WEST SACRAMENTO -- Johan Rojas danced backward toward the warning track with the baseball in his sights. As the center fielder homed in on a hard-hit fly ball from Athletics slugger Tyler Soderstrom, the rest of the Phillies could only watch.
Manager Rob Thomson saw the ball knuckling away from Rojas and knew it would be a tough catch. Shortstop Trea Turner thought it was a routine play -- until he noticed the exit velocity on the scoreboard.
“When I looked up and I saw 106 miles an hour, I was like, ‘Oh, no,’” Turner said.
At the last instant, Rojas reached up over his shoulder, snagging the sinking fly ball just before it could land in front of the outfield fence. He tumbled down in a heap in front of the wall, the baseball -- and his club’s 1-0 lead -- nestled in the safety of his glove.
Rojas’ crazy catch to end the bottom of the eighth inning of Friday’s 4-3 win over the Athletics at Sutter Health Park was perfect proof: It might not look easy -- and it sure didn’t Friday night -- but the Phillies keep finding ways to get the job done.
They won their eighth consecutive game and improved to 16-10 on the road in 2025, remaining tied with the Cubs and Mariners (who each won road games Friday) for the best road record in the Major Leagues.
After Rojas’ wild catch deprived Soderstrom of extra bases to preserve a one-run advantage headed into the ninth, the Phils put up three runs off A’s closer Mason Miller for some breathing room.
It turned out to be necessary, as A's rookie Nick Kurtz socked a three-run homer off Jordan Romano in the bottom of the ninth, and the A’s added a two-out single to bring the winning run to the plate.
But the Phillies sealed the deal.
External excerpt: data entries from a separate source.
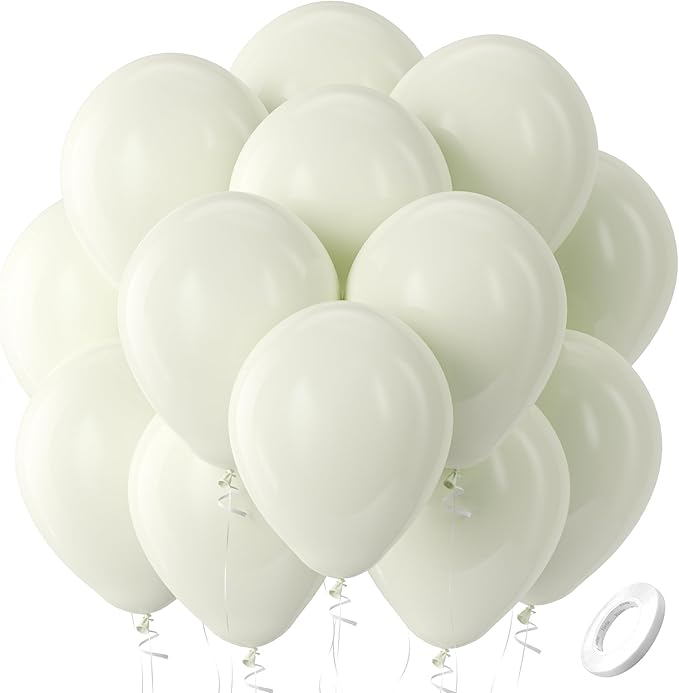 Bezente Beige Balloons Latex Party Balloons - 100 Pack 12 inch Round Helium Cream Ivory White Balloons for Wedding Birthday Gender Reveal Easter Tea Boho Decorations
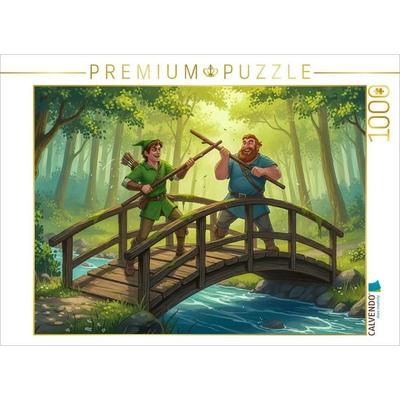 CALVENDO Puzzle Kampf mit Little John auf Brücke | 1000 Teile Lege-Größe 64x48cm Foto-Puzzle für glückliche Stunden, von , Calvendo Puzzle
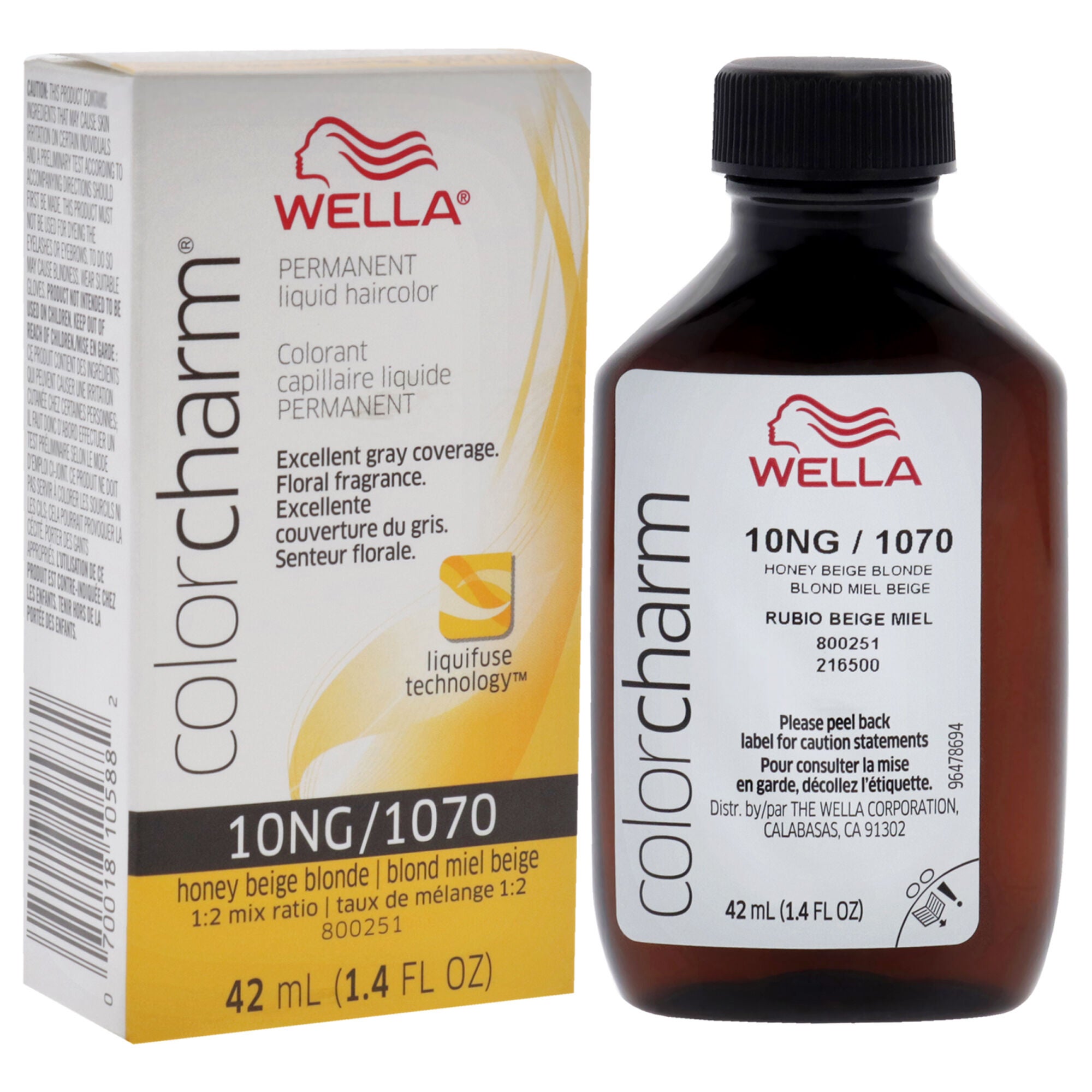 Color Charm Permanent Liquid Hair Color - 1070 10NG Honey Beige Blonde by Wella for Unisex - 1.42 oz Hair Color, See Description, alternate image number 2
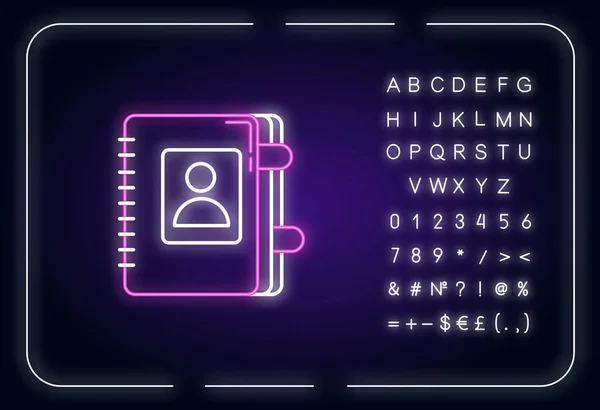 Contact Boek Neon Licht Pictogram Zakenorganisator Met Bladwijzers Directory Voor — Stockvector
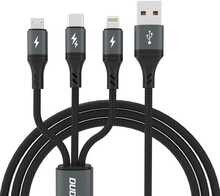 Kaabel Dudao L3E 3-in-1 60W MicroUSB, USB-C, Lightning 1,2 m, must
Left-hander Tanner Banks trotted in from the bullpen to bail out Romano, sending A’s outfielder Lawrence Butler chasing on back-to-back sweepers to close out the ballgame.
“A win’s a win,” Thomson said. “It kind of got messy there at the end, but I’ll take the win anytime.”
Hardly any contest during the Phils’ longest win streak since June 2022 has followed a conventional script. This is, after all, a hot stretch that began with a fateful seventh inning against the Pirates on May 16: four runs on just one hit to take the lead for good. Two days later, Mick Abel -- in his Major League debut -- outdueled Paul Skenes. On Monday, the Phils trailed Colorado 3-2 heading into the eighth before roaring past the Rockies in the opener of a four-game series sweep.
It has hardly come easy. But success in the Major Leagues never does.
“Just finding ways to win,” Turner said. “Sometimes you slug it out. Sometimes you win games like this.”
Turner pointed to starter Zack Wheeler’s stellar outing Friday as a main reason for the victory -- a performance that might understandably get lost in the shuffle of a chaotic final act.
Wheeler extended his scoreless streak to 22 2/3 innings, his longest such stretch as a Phillie and the second longest of his career, according to the Elias Sports Bureau. After tossing 6 2/3 scoreless frames with eight strikeouts Friday, he still has yet to allow a run since the fourth inning May 6 against the Rays.
“I thought his stuff was good,” Thomson said. “I thought he pitched behind in the count a little bit more than he normally does, but the stuff was good and he battled and gave us a really good outing.”
It’s nothing new for a Phillies rotation that has posted a 1.82 ERA since the start of the winning streak, second in MLB -- a key factor in the club’s NL-best 33-18 record.
“The rotation, we’ve got the best, I think, in baseball,” Rojas said. “Those guys, I love those guys.”
The feeling is mutual. Rojas’ teammates have seen the young center fielder make some special grabs over the years -- robbing Ronald Acuña Jr. in the 2023 NLDS certainly comes to mind.
Add Friday’s game-saving, lead-preserving snag to the list -- a play perfectly encapsulating a Phillies team that might make it interesting but will get things done when it matters.
“Big out, because who knows what happens after that?” Turner said. “Great play by him. He’s been doing that for a little while now, and we expect it out of him, because we need it.”